10. Patient Reported Outcome Measurement Information System (PROMIS) Cancer Fatigue short form among AML patients (Time Frame - 6 months):
The 7-item PROMIS Cancer Fatigue Short Form assesses the frequency of fatigue in the past seven days (7). Table 2 presents a list of the items.

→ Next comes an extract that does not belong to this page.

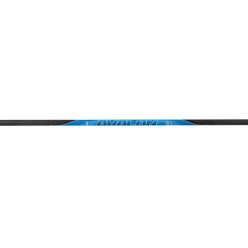Avalon Classic 4.2 Carbon Arrow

Items are measured on a five point scale (1 = never; 5 = always) and summed, after reverse scoring item 7, with higher scores indicating greater fatigue (worse condition).
- Experimental: 1
standard chemotherapy in combination with venetoclax
- Placebo Comparator: 2
standard chemotherapy in combination with placebo
Induction cycle 1: Venetoclax will be administered orally QD, daily dose: 100mg/200mg/300mg, days 1-12 (after a 1/2/3 day ramp-up phase) (as determined during run-in phase) Induction cycle 2: Venetoclax will be administered orally QD, daily dose: 100mg/200mg/300mg, patients not in CR/CRi: days 1-12 (after a 1/2/3 day ramp-up phase) or patients in CR/CRi: days 1-14 (without ramp-up) (as determined during run-in phase) Consolidation phase: Venetoclax will be administered orally QD, daily dose: 100mg/200mg/300mg, days 1-14 (as determined during run-in phase)
Induction cycle 1: Placebo will be administered orally QD, daily dose: 100mg/200mg/300mg, days 1-12 (after a 1/2/3 day ramp-up phase) (as determined during run-in phase) Induction cycle 2: Placebo will be administered orally QD, daily dose: 100mg/200mg/300mg, patients not in CR/CRi: days 1-12 (after a 1/2/3 day ramp-up phase) or patients in CR/CRi: days 1-14 (without ramp-up) (as determined during run-in phase) Consolidation phase: Placebo will be administered orally QD, daily dose: 100mg/200mg/300mg, days 1-14 (as determined during run-in phase)
- Standard chemotherapy:
Induction cycle 1: Patients will receive cytarabine 200 mg/m2 continuous IV (days 1-7) and daunorubicin 60 mg/m2 IV (days 1-3). Induction cycle 2: Patients ≤ 60 yrs will receive cytarabine 1000 mg/m2 BID (3h IV), days 1-6, and daunorubicin 60 mg/m2 IV (days 1-3). Patients >60 yrs will receive cytarabine 1000 mg/m2 BID (3h IV), days 1-6 without daunorubicin. Consolidation chemotherapy option 1 consists of one cycle of mitoxantrone (10mg/m2 IV) and etoposide (100mg/m2 IV) (ME) days 1-5 (patients ≤60 yrs) or days 1-3 (patients >60 yrs). Consolidation chemotherapy option 2 consists of intermediate doses of cytarabine. Patients ≤60 yrs will receive up to 3 cycles of IDAC (single dose 1500 mg/m2 every 12 hours, days 1-3). Patients who are >60 yrs will receive up to 3 cycles of IDAC with single doses of 1000 mg/m2, every 12 hours, days 1-3. In patients >60 yrs less than 3 cycles of IDAC or dose-reduced IDAC (500 mg/m2 per single dose) may be given based on an individual risk assessment.
- Autologous stem cell transplantation:
Busulfan/Cyclophosphamide will be administered as conditioning regime. Patients may proceed to autologous HCT when they have reached CR/CRi/MLFS after at least two cycles of chemotherapy and performance status permits continuation with high-dose chemotherapy. Venetoclax will not be added to or given after the conditioning regimen.
- Allogeneic stem cell transplantation:
Generally, patients will proceed to allogeneic HCT upon completion of remission induction chemotherapy. It is however allowed, as per investigator's discretion, for a patient to receive 'bridging' consolidation chemotherapy in exceptional cases of delay towards transplantation. At baseline, HLA-compatible donor search must be initiated as soon as possible, first among siblings and second in the world donor bank for unrelated donors or cord blood. In order to avoid inappropriate delay in cases where no suitable sibling is present, high-resolution HLA typing should be performed immediately after registration, enabling a more rapid matched-unrelated donor search. In case no sibling or unrelated donor can be identified, haploidentical allogeneic HCT is allowed. Conditioning and GVHD prophylaxis will take place according to institutional guidelines. Patients who undergo allogeneic HCT will not receive venetoclax during conditioning, engraftment or after hematologic recovery.